What is ‘big data’: a definition

Posted on

What is ‘big data’? How big does ‘big data’ have to be before it is ‘big data’. Here is my attempt on a definition:

  • ‘Small data’ is of a size such that it can easily be handled in a general purpose spreadsheet program. It is possible to navigate the data to get an overview of the data rows and columns as well as immediately look on each element. An example of a ‘small data’ data set Iris flower data set with 150 example and 5 columns. Another one is the Pima Indians Diabetes Data Set.
  • ‘Medium data’ is data that fits within a single machine, but cannot be handled with a general purpose statistical program. It is difficult to get an overview of the data. A typical ‘medium data’ data set size may be several hundreds of megabytes.
  • ‘Big data’ is data where the reading of the data presents a problem. All data cannot be handled on one computer but one needs to iterate over the data samples when analysing the data. In the 1990s a positron emission tomography neuroimaging data sets with 20 subjects would be an example of ‘big data’: To do principal component analysis we would iterate over each subject to iteratively build the covariance matrix before a eigenvector analysis. Now such sized data I would consider ‘medium data’. Such data now fits into a single matrix where a plentora of algorithms can analyze it directly.

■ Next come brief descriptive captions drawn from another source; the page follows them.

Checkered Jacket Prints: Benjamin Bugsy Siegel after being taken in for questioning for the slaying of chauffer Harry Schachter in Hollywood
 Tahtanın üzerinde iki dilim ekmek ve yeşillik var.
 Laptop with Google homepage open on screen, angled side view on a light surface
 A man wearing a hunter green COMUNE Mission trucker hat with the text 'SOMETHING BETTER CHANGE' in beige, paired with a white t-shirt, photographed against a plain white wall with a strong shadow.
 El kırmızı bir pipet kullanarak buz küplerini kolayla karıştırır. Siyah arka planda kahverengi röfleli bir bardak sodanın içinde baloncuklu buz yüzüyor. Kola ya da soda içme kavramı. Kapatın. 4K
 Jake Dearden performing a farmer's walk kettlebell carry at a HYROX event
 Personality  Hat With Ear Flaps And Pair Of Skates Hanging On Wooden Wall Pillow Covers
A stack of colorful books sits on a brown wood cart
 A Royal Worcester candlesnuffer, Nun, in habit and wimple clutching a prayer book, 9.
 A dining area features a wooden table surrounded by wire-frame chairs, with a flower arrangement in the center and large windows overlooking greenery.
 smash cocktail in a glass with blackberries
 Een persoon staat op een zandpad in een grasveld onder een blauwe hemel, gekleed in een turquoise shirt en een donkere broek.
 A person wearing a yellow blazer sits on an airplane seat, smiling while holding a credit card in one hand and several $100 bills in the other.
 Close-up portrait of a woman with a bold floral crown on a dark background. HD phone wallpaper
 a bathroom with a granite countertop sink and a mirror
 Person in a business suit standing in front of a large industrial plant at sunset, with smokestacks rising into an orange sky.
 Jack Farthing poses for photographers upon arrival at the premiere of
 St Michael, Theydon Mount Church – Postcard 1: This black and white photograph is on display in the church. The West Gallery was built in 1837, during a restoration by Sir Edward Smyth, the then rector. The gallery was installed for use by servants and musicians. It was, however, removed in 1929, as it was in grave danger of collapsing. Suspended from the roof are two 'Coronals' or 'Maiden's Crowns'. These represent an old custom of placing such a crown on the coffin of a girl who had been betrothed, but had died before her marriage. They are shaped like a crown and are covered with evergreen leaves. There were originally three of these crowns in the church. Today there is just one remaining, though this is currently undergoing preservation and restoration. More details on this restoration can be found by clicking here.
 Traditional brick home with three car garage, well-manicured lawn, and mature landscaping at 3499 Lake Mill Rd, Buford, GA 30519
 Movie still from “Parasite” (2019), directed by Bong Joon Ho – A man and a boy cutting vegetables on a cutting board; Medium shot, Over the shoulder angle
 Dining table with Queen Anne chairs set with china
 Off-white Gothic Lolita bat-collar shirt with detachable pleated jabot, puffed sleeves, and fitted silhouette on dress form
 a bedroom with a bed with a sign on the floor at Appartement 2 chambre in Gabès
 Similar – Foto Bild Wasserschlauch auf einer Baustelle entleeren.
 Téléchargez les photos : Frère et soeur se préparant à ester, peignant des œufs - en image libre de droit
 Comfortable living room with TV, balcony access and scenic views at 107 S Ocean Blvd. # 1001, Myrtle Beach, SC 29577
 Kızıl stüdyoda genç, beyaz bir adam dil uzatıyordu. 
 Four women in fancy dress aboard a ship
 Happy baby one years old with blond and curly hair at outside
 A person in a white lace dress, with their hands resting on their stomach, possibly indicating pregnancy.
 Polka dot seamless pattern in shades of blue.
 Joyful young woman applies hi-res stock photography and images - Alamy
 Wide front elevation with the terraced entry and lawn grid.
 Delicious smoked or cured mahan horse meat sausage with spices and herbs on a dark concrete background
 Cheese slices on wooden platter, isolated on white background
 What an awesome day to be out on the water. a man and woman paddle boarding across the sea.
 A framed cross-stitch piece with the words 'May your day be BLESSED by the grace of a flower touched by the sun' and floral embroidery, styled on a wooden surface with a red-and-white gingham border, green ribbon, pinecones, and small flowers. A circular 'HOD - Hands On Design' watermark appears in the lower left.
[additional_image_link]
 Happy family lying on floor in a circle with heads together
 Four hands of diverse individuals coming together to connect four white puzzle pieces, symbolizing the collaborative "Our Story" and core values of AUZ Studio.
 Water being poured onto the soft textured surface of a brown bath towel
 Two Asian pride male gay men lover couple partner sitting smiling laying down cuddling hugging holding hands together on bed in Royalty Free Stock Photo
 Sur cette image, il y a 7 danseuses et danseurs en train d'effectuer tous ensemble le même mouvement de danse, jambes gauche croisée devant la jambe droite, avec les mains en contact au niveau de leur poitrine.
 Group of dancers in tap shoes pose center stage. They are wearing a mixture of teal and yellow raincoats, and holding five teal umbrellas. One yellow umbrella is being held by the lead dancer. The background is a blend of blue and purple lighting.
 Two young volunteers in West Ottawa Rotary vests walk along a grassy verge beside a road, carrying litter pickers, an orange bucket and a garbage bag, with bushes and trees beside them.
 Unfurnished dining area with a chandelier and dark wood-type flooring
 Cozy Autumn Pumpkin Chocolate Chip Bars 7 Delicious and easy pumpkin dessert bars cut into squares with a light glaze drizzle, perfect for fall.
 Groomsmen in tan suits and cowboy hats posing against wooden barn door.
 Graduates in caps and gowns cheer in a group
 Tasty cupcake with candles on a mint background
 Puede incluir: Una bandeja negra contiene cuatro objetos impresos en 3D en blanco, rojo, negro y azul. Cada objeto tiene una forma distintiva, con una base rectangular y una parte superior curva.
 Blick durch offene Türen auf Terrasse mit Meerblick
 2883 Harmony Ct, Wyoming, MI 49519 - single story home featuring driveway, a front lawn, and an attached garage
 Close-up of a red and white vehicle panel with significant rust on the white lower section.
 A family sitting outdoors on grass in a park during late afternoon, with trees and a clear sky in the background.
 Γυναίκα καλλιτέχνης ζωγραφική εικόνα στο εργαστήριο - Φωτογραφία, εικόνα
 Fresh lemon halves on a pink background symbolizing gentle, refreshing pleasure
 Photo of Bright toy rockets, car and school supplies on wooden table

Different technologies may blur the boundary making the iteration transparent. Spark SQL allows one to make SQL queries on distributed data sets making it look like – from the data analyst point of view – that a ‘big data’ data set is a ‘medium data’ data set.

This definition differs from Matt Hunt from Bloomberg. His definition is “‘Medium data’ refers to data sets that are too large to fit on a single machine but don’t require enormous clusters of thousands of them: high terabytes, not petabytes.” In their book Mayer-Schönberger and Kenneth Cukier regard three distinguishing features of ‘big data’: “more”, messy and correlation rather than causality. Other definitions can be read off from Wikipedia’s Big data article.